Write down an expression for \({\text{P}}(A \cap B)\) .
Given that \({\text{P}}(A \cup B) = 0.8\) ,
(i) find x ;
(ii) find \({\text{P}}(A \cap B)\) .
Hence, explain why A and B are not mutually exclusive.
Markscheme
\({\text{P}}(A \cap B) = {\text{P}}(A) \times {\text{P}}(B)( = 0.6x)\) A1 N1
[1 mark]
(i) evidence of using \({\text{P}}(A \cup B) = {\text{P}}(A) + {\text{P}}(B) - {\text{P}}(A){\text{P}}(B)\) (M1)
correct substitution A1
e.g. \(0.8 = 0.6 + x - 0.6x\) , \(0.2 = 0.4x\)
\(x = 0.5\) A1 N2
(ii) \({\text{P}}(A \cap B) = 0.3\) A1 N1
[4 marks]
valid reason, with reference to \({\text{P(}}A \cap B)\) R1 N1
e.g. \({\text{P(}}A \cap B) \ne 0\)
[1 mark]
Examiners report
This question was well done by most candidates.
This question was well done by most candidates. When errors were made, candidates confused the terms "independent" and "mutually exclusive" and did not subtract the intersection when finding \({\text{P}}(A \cup B)\) .

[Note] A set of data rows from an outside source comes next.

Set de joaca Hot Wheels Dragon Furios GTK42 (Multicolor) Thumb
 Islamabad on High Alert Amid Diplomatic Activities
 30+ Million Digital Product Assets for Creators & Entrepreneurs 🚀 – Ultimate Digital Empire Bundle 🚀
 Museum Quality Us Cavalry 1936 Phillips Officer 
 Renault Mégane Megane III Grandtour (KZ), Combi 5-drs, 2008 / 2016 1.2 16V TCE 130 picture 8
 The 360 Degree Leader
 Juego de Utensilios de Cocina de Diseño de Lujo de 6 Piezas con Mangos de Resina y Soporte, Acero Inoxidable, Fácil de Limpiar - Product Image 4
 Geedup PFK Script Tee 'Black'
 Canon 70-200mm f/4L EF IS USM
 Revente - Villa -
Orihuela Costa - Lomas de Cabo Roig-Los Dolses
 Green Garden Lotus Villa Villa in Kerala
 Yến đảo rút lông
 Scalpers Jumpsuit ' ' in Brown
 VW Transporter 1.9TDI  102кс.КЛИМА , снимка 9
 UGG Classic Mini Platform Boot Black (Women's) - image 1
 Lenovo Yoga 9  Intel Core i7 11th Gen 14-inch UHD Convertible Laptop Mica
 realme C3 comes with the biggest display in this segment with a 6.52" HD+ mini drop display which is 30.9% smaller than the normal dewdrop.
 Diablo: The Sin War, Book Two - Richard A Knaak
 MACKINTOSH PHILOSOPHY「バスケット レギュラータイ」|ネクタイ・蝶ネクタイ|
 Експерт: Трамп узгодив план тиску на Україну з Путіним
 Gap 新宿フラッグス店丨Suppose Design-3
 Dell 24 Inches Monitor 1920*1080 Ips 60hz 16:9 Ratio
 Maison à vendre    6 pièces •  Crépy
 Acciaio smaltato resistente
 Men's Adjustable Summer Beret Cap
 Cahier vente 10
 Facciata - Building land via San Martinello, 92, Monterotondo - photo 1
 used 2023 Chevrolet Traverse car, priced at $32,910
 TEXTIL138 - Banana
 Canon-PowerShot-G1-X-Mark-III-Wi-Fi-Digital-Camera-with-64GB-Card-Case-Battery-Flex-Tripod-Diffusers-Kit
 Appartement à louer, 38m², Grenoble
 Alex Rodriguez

Candidates should also be aware of the command term "hence" used in part (c) where they were expected to provide a reason that involved \({\text{P}}(A \cap B)\) from their work in part (b). It seemed that many turned to the formula in the booklet instead of considering the conceptual meaning of the term.